Siri actually began in 2007 as a part of a DARPA funded project called CALO (Cognitive Agent that Learns and Organizes) and was initially using voice recognition technology from the company Nuance. The founding team went on to get millions of dollars in funding from several high profile investment companies. (source: NYTimes)

On April 28, 2010, the Siri team was acquired by Apple. On october 4, 2011, Apple introduced the new version of Siri along with the launch of the iPhone 4S.

uses

Here is a list of the default iOS apps that Siri can interface with:

Phone
FaceTime
Music
Mail
Messages
Calendar
Reminders
Notes
Contacts
Weather
Stocks
Web Search
Find My Friends
Alarms, World Clock, Timer

Here are some 3rd party companies that Siri can interface with:

Google
Google Maps (US only)
Bing
Yahoo
Wolfram Alpha
Wikipedia
Yelp! (US only)

(source: Apple)

Siri is also a good example of how voice recognition software can benefit people with accessability needs. The addition of Siri to the iPhone has made it a valuable resource for some people. For example, since the application focuses on speech input rather than visual text input, many people who are blind are finding it helpful.

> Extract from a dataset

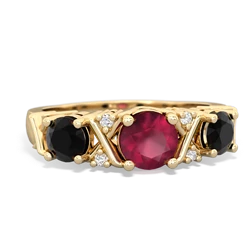 Ruby Hugs And Kisses 14K Yellow Gold ring R5016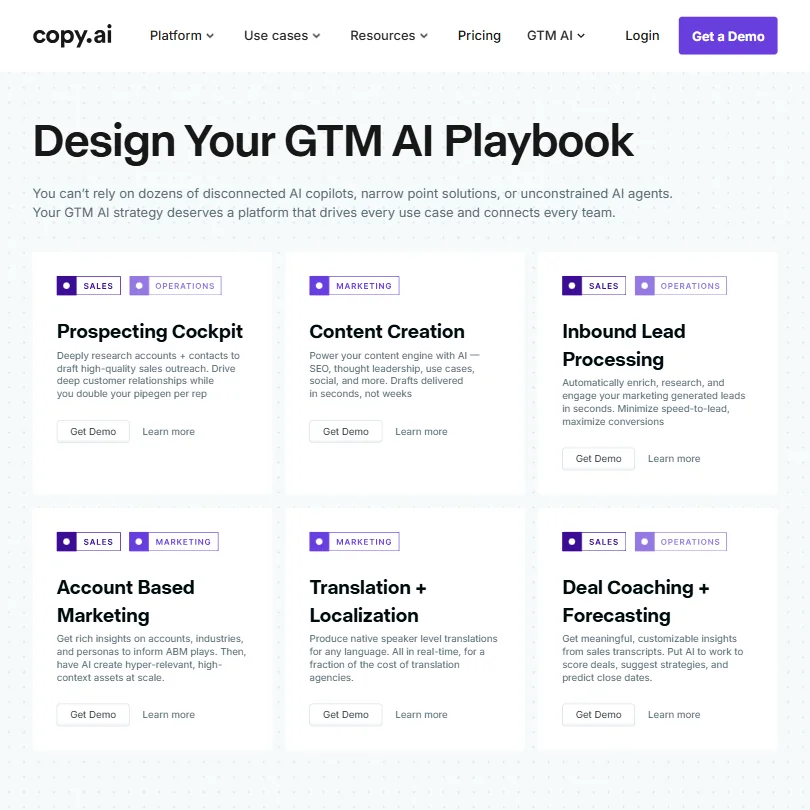 Copy features screenshot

Chris Danielsen, a spokesman for the National Federation of the Blind states:

The iPhone is the only fully accessible handset that a blind person can buy

conclusion

Speech/voice recognition technology is an essential part of modern natural user interfaces. By utilizing speech as a method of input, the world of user experience in software is being changed dramatically. The algorithms that are powering this are incredibly complex and continually improving. Devices like the kinect and applications like Siri are showing how powerful speech recognition can be, and how its use can benefit people living in a computerized society.